Aryan entonces suspiró ruidosamente.

—Oh, debo de haber editado mal mi diccionario mental.

Mi hija, que acaba de regañarme, ahora vuelve a hacerse la linda.

Amelia y Mike se rieron de su dramatismo, pero él aún no había terminado.

Aryan negó con la cabeza de forma dramática.

—Ninguna coherencia.

A este paso, me quedaré calvo antes que ella.

Mike no pudo evitar poner los ojos en blanco como respuesta.

—Padre, ya estás a medio camino, no culpes a Misty.

Aryan se quedó helado.

—¿Cariño, eso es verdad?!

Pero entonces miró a Mike, que se reía, y comprendió que le habían tomado el pelo.

Amelia volvió a estallar en carcajadas, tapándose la boca, mientras Aryan se agarraba el pecho como si lo hubieran traicionado.

—En esta casa no hay respeto por los mayores… ni miedo… ni disciplina…
Mike puso los ojos en blanco, pero sonrió.

—Padre, he traído pastel.

¿No es suficiente para mostrar respeto?

Cambio de humor instantáneo.

Aryan se enderezó de inmediato.

—Ah, sí, respeto confirmado.

Buen hijo.

Excelente, hijo.

Mike y Amelia lo miraron con cara de póquer.

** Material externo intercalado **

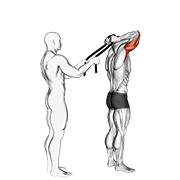 Extension triceps serviette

—Eres un completo descarado —dijo Amelia, negando con la cabeza.

—¿Descarado?

No, no.

Esto es el arte de la crianza flexible —declaró Aryan con orgullo, colocando el pastel sobre la mesa como un tesoro sagrado.

Antes de que Mike pudiera comentar nada, la voz de Misty resonó desde el piso de arriba:
—¡NO EMPIECEN SIN MÍ!

Seguido de unos pasos rápidos, como una pequeña estampida.

Irrumpió en la sala de estar sosteniendo su peluche de conejito como un trofeo de guerra.

—¡Ya estoy aquí!

Aryan suspiró.

—Se acabó nuestro ambiente tranquilo.

Mike sonrió con impotencia.

—Está demasiado emocionada.

Misty lo señaló con los ojos entrecerrados.

—Claro que estoy emocionada.

Mi inútil hermano por fin ha despertado.

Había preparado todo un discurso de ánimo para el «arco del fracaso».

¡Ahora se ha echado a perder!

Mike se atragantó.

—¿Podrías no llamarme inútil con tanta naturalidad?!

Una sonrisa de orgullo se dibujó en la cara de Misty.

—Ahora puedo llamarte lo que quiera.

No puedes enfadarte conmigo el día de tu despertar.

Amelia dio una suave palmada.

—Bueno, bueno.

Sentémonos a comer juntos.

Misty fue la primera en saltar a su silla.

Aryan la siguió, después de rescatar el pastel de sus codiciosas manos.